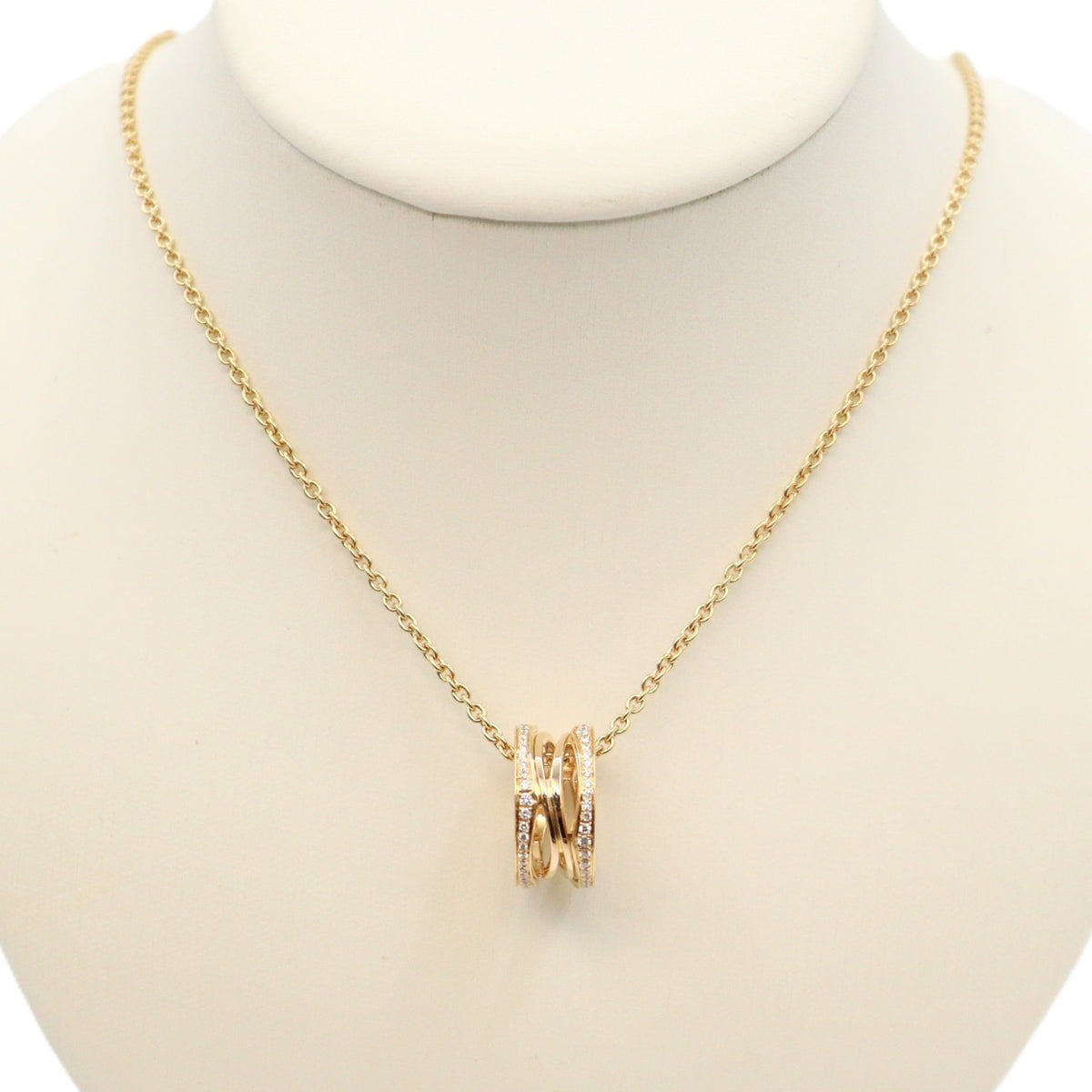 Bvlgari 354195 B.Zero1 Design Legend Necklace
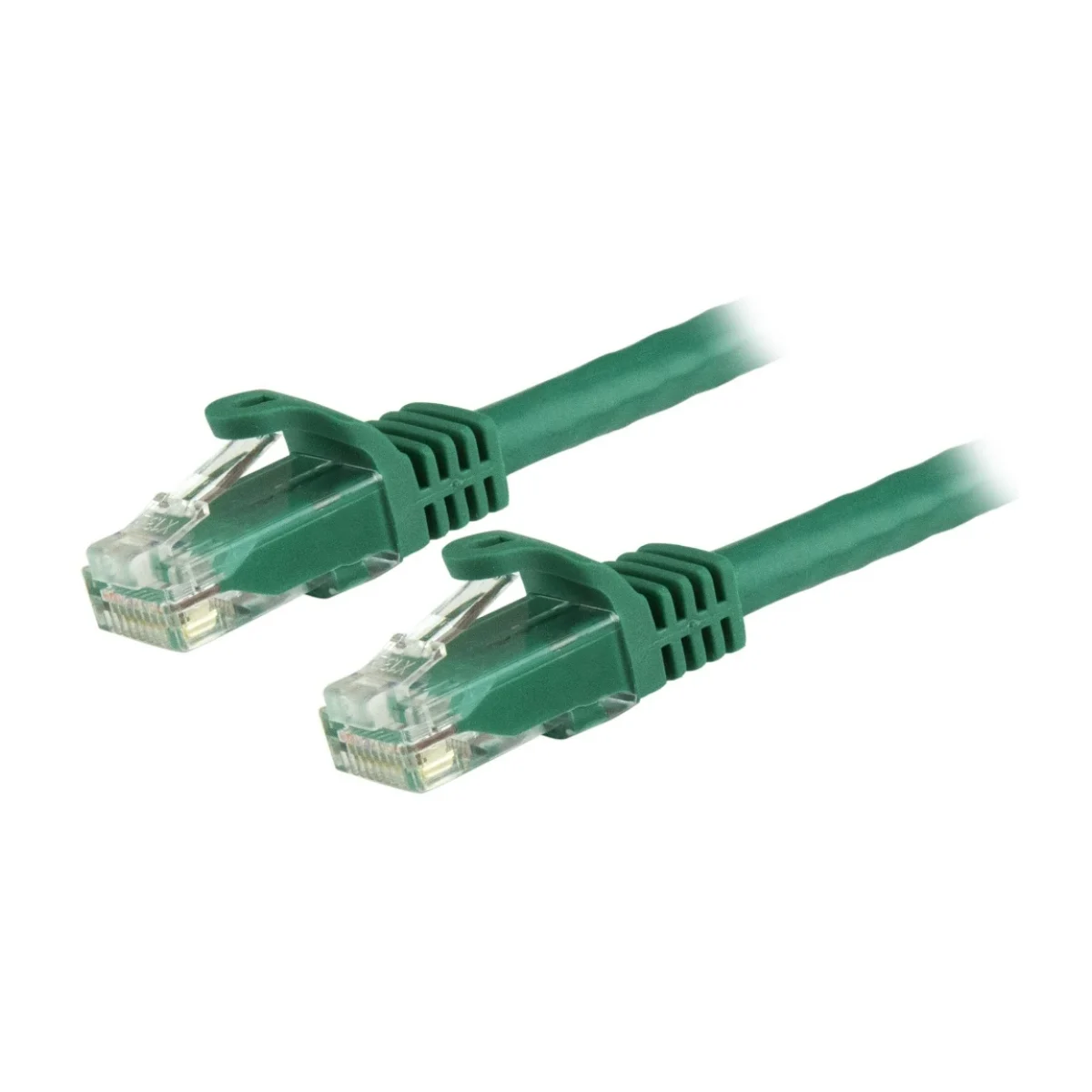 Cable de Red StarTechcom Cat6 RJ 45 15M Verde N6PATC15MGN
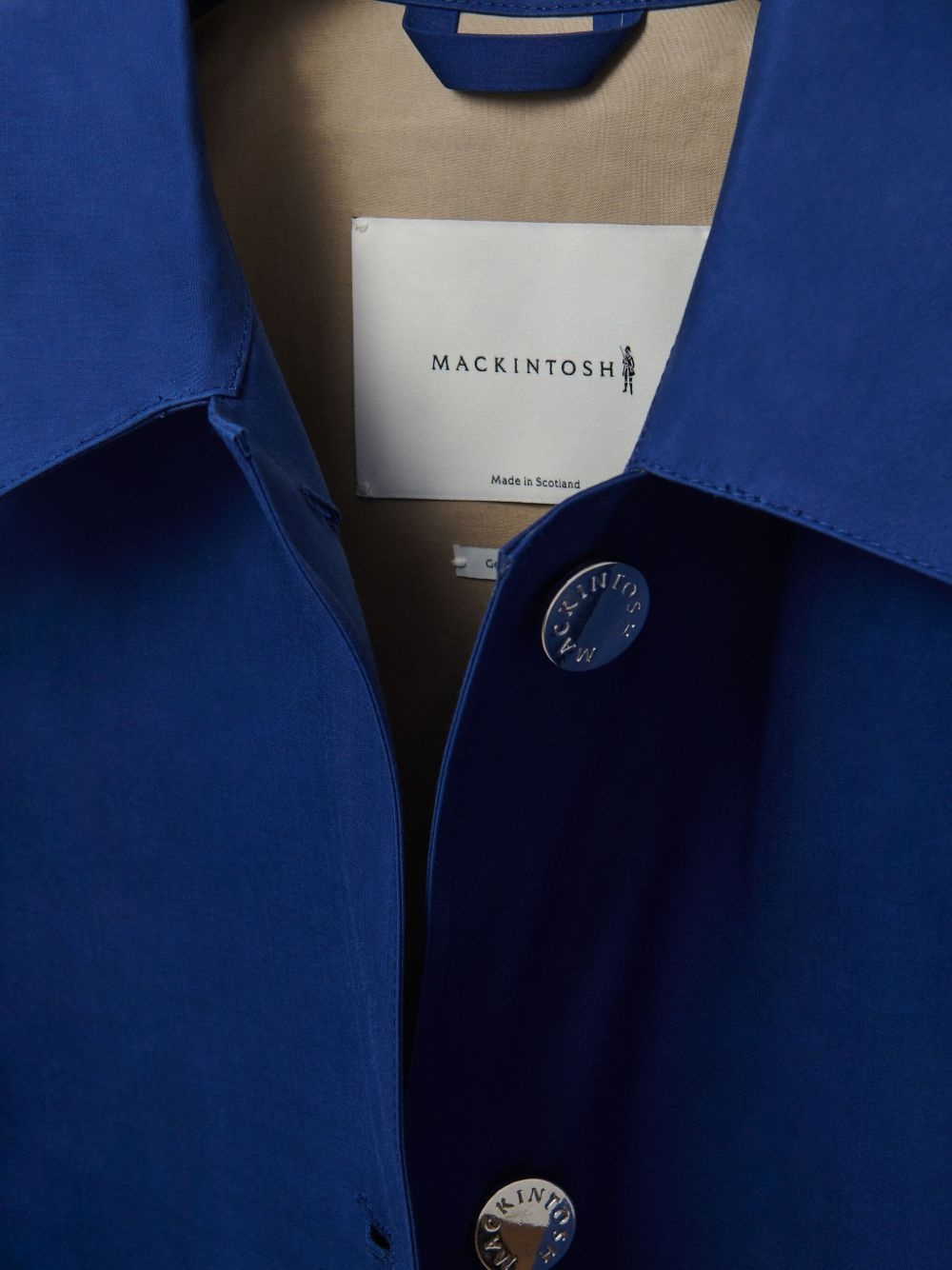 Collin short-sleeve buttoned coat - 3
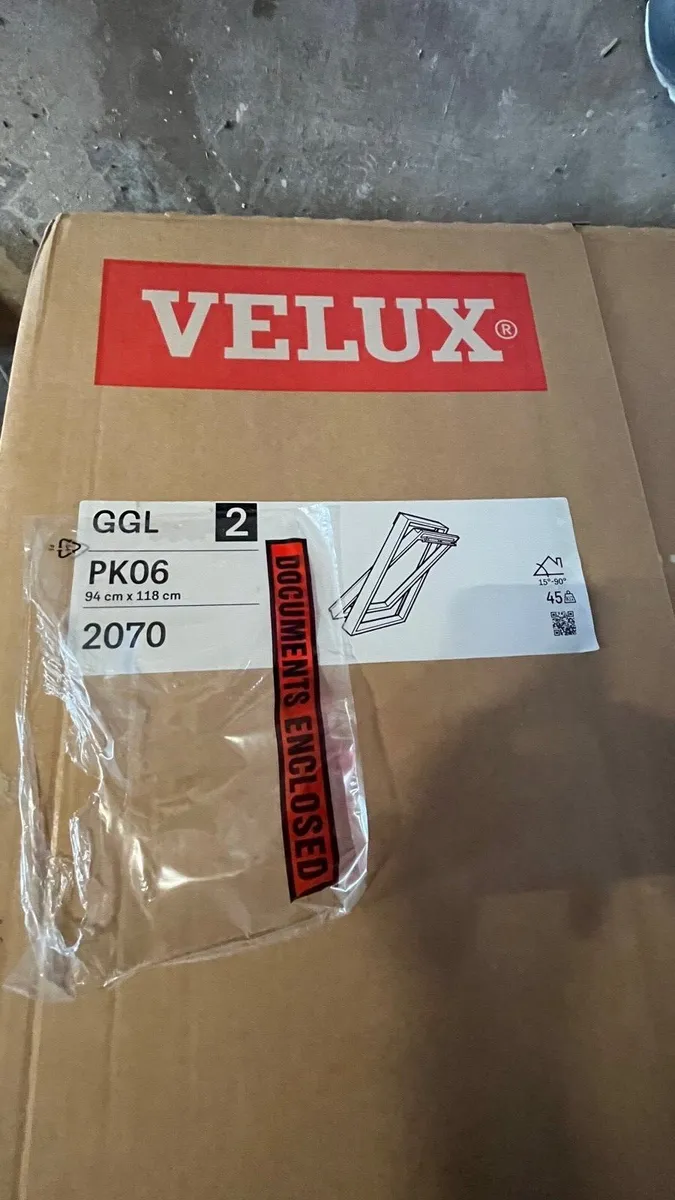 Velux Window GPL PK06 940mm x1180mm - Image 1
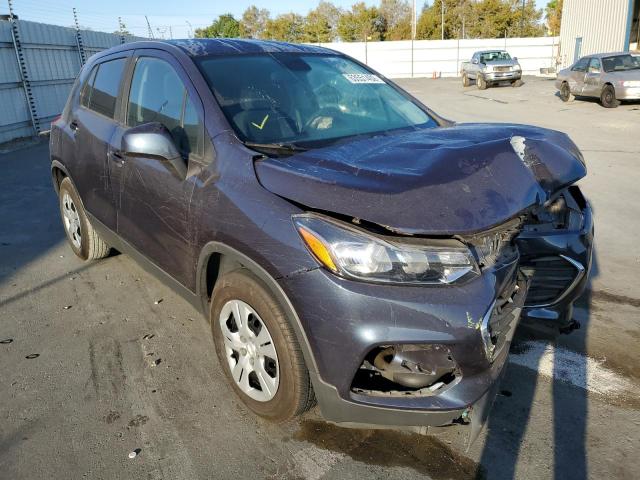 CHEVROLET TRAX LS 2019 with VIN 3GNCJKSB4KL178401 - Photo from auction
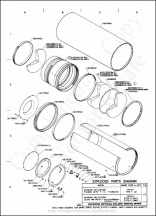 Olympus OM 1000mm f11 Parts Diagrams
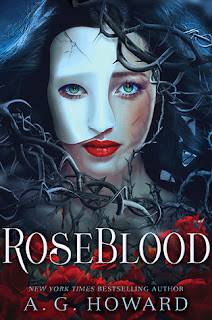 RoseBlood book cover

◆ ◆ ◆ ◆ ◆

◆ **Task objective**
Exactly as written, copy the entries above without their pictures.

◆ **Response area**
 Bvlgari 354195 B.Zero1 Design Legend Necklace
 Cable de Red StarTechcom Cat6 RJ 45 15M Verde N6PATC15MGN
 Collin short-sleeve buttoned coat - 3
 Velux Window GPL PK06 940mm x1180mm - Image 1
 CHEVROLET TRAX LS 2019 with VIN 3GNCJKSB4KL178401 - Photo from auction
 Olympus OM 1000mm f11 Parts Diagrams
 RoseBlood book cover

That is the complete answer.